The beacon fire clawed at the night sky, staining the western horizon in streaks of blood and gold.
Seraphina stood at the castle's highest parapet, her fingers gripping the cold stone ledge until her knuckles ached. The wind howled around her, tearing at her unbound hair like restless spirits. Below, the city of Valemont stirred—shutters slammed against window frames, torches flared to life in hurried succession, and the distant clang of the alarm bell echoed through the winding streets like a death knell. The golden circlet burned against her brow, its feathers humming with a warning that vibrated through her very bones.

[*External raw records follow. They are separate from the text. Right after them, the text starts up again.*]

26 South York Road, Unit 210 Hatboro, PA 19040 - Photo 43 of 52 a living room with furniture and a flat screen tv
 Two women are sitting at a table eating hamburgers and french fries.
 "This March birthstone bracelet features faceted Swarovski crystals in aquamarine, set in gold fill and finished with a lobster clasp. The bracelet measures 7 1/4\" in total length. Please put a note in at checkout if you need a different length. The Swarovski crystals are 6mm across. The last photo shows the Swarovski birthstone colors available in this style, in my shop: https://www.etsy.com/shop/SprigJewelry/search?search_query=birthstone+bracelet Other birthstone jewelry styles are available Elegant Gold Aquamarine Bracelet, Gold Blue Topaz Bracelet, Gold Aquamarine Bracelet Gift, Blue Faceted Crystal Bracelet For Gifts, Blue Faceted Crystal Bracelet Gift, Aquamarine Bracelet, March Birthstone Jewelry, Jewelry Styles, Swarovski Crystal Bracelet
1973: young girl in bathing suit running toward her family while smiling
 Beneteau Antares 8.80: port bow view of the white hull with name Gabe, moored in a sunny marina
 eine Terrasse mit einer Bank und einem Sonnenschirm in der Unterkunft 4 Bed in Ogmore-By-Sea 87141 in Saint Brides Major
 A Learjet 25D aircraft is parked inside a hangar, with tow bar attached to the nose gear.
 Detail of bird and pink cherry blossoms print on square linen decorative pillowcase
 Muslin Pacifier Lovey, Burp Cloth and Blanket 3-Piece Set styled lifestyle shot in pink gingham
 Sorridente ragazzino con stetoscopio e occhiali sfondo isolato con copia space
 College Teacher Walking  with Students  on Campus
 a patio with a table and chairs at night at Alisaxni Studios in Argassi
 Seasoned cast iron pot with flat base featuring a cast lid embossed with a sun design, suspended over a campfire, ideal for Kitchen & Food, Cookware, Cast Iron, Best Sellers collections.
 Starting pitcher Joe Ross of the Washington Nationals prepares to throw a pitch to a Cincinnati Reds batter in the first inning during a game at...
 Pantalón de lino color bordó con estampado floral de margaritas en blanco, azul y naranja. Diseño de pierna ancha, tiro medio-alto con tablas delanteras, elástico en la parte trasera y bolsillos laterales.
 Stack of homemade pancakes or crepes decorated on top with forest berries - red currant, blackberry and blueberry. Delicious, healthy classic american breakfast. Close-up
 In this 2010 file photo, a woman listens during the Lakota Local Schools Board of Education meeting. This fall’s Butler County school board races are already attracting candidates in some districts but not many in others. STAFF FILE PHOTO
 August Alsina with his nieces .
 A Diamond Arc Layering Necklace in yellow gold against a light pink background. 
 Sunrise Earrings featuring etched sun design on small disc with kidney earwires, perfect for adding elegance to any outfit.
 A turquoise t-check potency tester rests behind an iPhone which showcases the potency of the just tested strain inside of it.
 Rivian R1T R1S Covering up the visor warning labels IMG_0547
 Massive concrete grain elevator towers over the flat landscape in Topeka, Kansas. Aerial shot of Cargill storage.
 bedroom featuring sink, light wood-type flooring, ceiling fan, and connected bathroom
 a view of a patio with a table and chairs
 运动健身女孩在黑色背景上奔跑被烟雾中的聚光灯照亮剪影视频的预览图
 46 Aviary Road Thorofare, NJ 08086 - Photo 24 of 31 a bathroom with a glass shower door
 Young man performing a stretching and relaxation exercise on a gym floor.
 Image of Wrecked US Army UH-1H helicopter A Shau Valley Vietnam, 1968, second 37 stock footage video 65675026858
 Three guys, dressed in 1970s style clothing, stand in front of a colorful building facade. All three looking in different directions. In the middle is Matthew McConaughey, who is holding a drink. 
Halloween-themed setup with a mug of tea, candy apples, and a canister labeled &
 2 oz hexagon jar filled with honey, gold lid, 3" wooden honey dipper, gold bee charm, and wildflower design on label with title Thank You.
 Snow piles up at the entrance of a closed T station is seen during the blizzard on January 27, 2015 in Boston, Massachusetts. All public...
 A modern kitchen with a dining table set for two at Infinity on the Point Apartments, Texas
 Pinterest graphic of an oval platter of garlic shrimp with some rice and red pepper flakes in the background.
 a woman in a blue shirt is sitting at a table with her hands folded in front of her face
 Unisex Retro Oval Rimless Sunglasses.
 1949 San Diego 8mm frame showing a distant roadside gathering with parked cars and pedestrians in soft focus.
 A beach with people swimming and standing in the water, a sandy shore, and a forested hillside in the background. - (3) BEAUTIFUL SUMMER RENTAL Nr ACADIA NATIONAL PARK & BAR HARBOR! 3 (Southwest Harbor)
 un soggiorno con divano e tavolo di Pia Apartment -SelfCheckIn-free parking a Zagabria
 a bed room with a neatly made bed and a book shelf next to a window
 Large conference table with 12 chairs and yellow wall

She didn't need to turn to know Kaelan had joined her. His presence announced itself in the familiar cadence of his boots against stone, in the scent of sweat and steel and something darker—the metallic tang of blood that wasn't his own.
"Scouts report movement at the border," he said, his voice rough from hours of hard riding. He came to stand beside her, close enough that she could feel the heat radiating from his body. "Not an army. Not yet. But the roads are crawling with Dain's men." His jaw tightened as he followed her gaze westward. "They're waiting for something."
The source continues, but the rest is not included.